Stone Mill Pale Ale is Michelob Brewing Company’s Organic Beer, crafted using Metcalfe and Harrington barley malts from Canada, and is certified by the USDA and Quality Assurance International. It is brewed at RedHook Brewery in Portsmouth, New Hampshire.

http://www.drinkstonemill.com

Although they started production using non-organic hops due to an escape clause that specified organic products be 99% of the beer’s total weight, Anheuser-Busch now produces this beer using Organic hops.

More Organic Beers

New Belgium Brewing Company, Fort Collins, Colorado, USA – Mothership Wit – Released in May of 2007, this organic wheat beer is crafted with organic wheat from Golden Organics in Colorado, organic TILTH-certified malt from Briess, organic hops from New Zealand, New Belgium Brewing's self-cultured organic yeast, coriander and orange peel.

http://www.newbelgium.com/

Deschutes Brewery, Inc, Bend, Oregon, USA - Green Lakes Organic Ale

http://www.deschutesbrewery.com/default.aspx

Crannóg Ales, Sorrento, British Columbia, Canada – A draught only brewery that crafts all organic beers: Beyond the Pale Ale, Back Hand of God Stout, Red Branch Irish Ale, Hell’s Kitchen Potato Ale, and the seasonal Pooka Cherry Ale and Bansidhe Ale.

http://www.crannogales.com/

Brasserie Dupont, Hainaut, Wallonia, Belgium - Crafts the delicious Foret Saison, the first certified organic beer in Belgium, Biere de Miel Biologique, Mionette Biologique, Biolegere, and Blanche du Hainaut Biologique.

http://www.brasserie-dupont.com/dupont/Default.aspx?Page=Home

Bison Brewery, Berkeley, California, USA - The only organic brewer in the San Francisco Bay area, Bison crafts Organic Hop Cuvee West Coast Ale, Organic Chocolate Stout, Organic Honey Basil, Organic Saison de Wench, Organic Kermit the Hop, Organic Gingerbread Ale, The Band of Gypsies: The Tramp, and Barry White: Voice in a Barrel.

http://www.bisonbrew.com

Samuel Smith’s Old Brewery, Tadcaster, North Yorkshire, England - Certified organic by the USDA-accredited California Certified Organic Farmers, Samuel Smith’s produces Organic Lager, Organic Ale and Organic Cider. It is imported to the USA by Merchant du Vin.

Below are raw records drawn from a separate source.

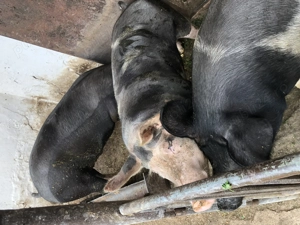 Vand porci pietran - imagine 4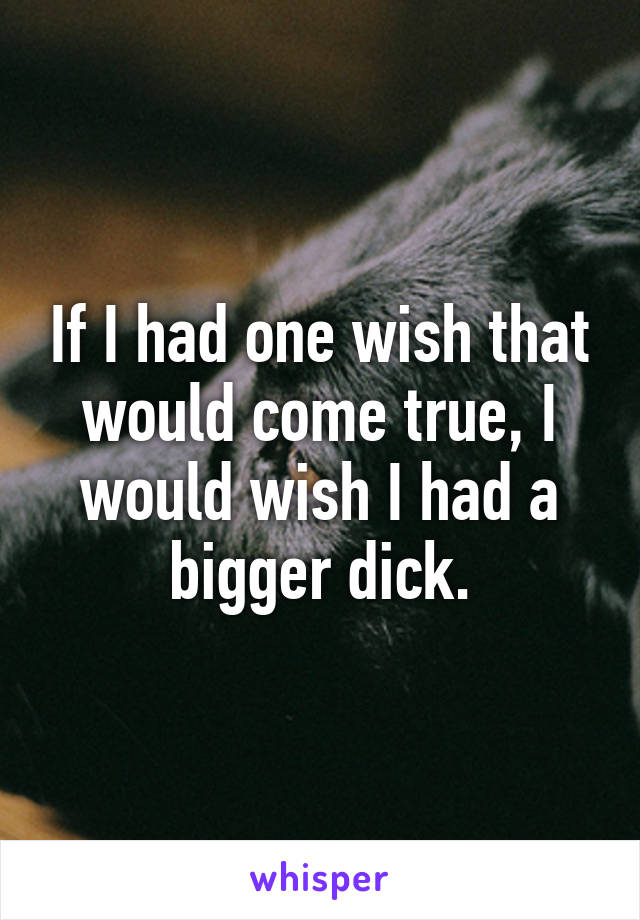 If I had one wish that would come true, I would wish I had a bigger dick.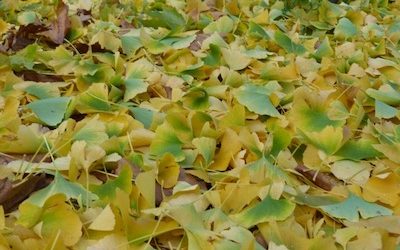 La compagnie en création – 3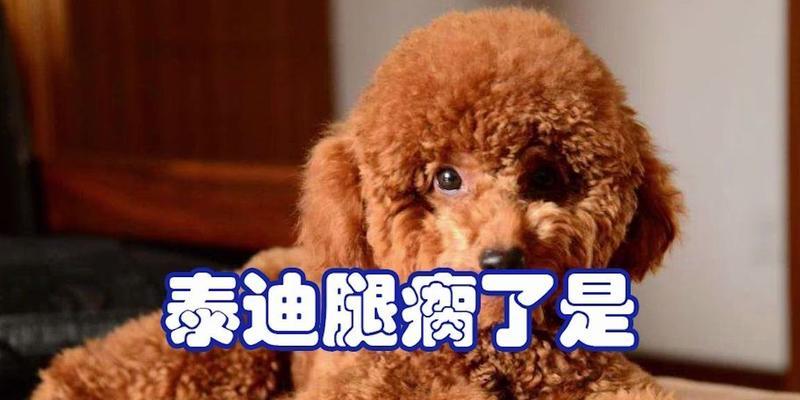 泰迪腿断了如何补充营养（全面营养摄入助力泰迪康复）(图2)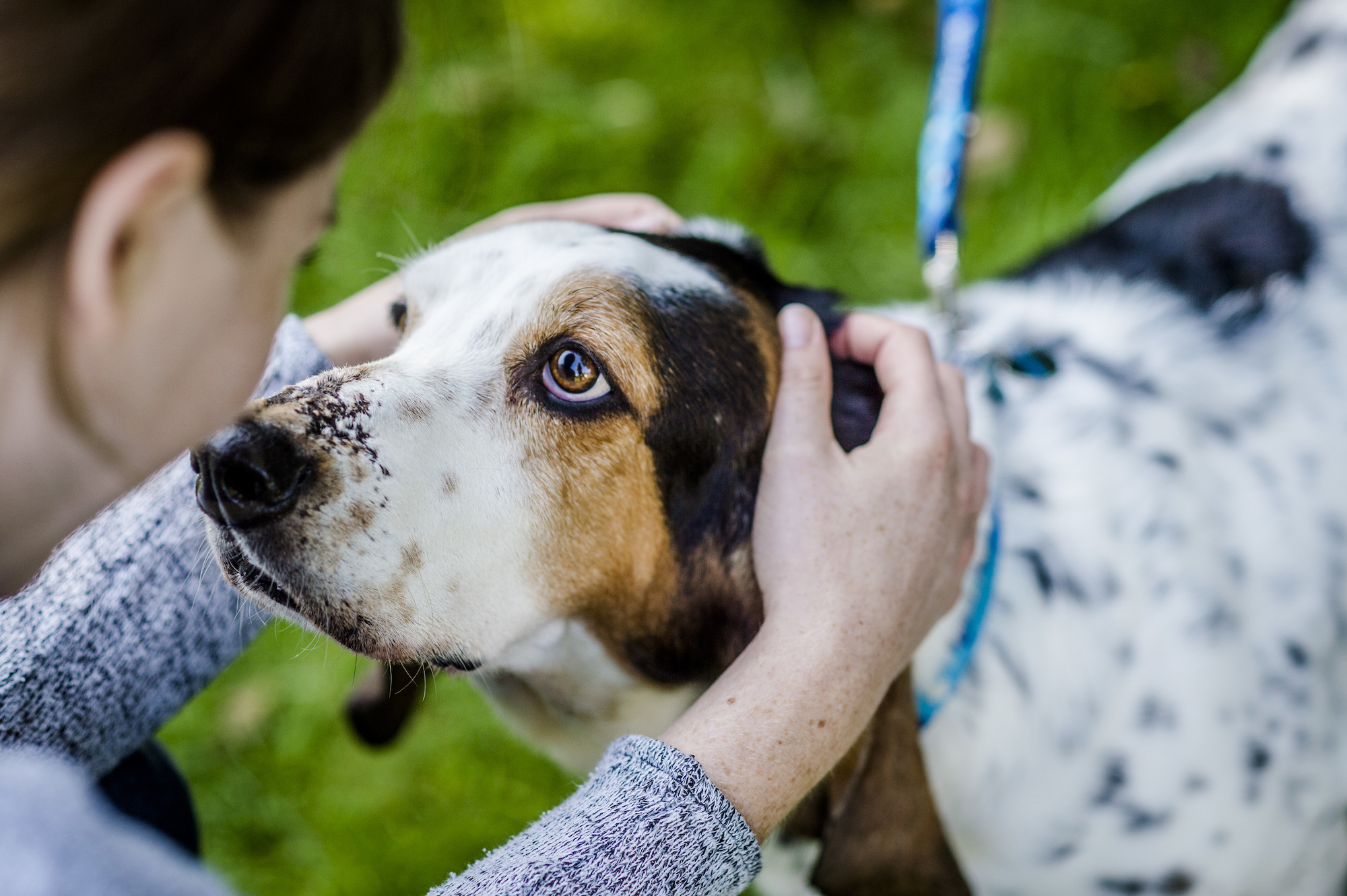 why do puppies stomachs bloat after eating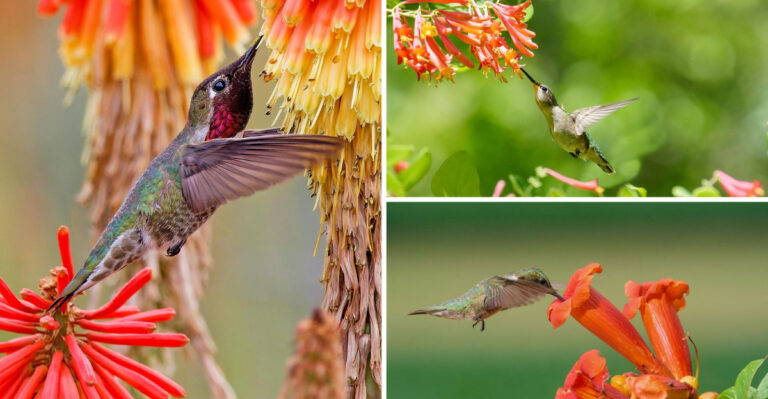 15 Classic Hummingbird Favorites + 11 New Blooms to Try This Season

http://www.merchantduvin.com/brew-samuel-smith.php


The trend toward the production of Organic beers continues to grow. My abbreviated cross-section of organic beers highlights the exciting and expanding growth toward Organic Beers worldwide. This is not a fad that will disappear in the blink of an eye. The global brewing community recognizes the importance of going green, and has taken up the torch.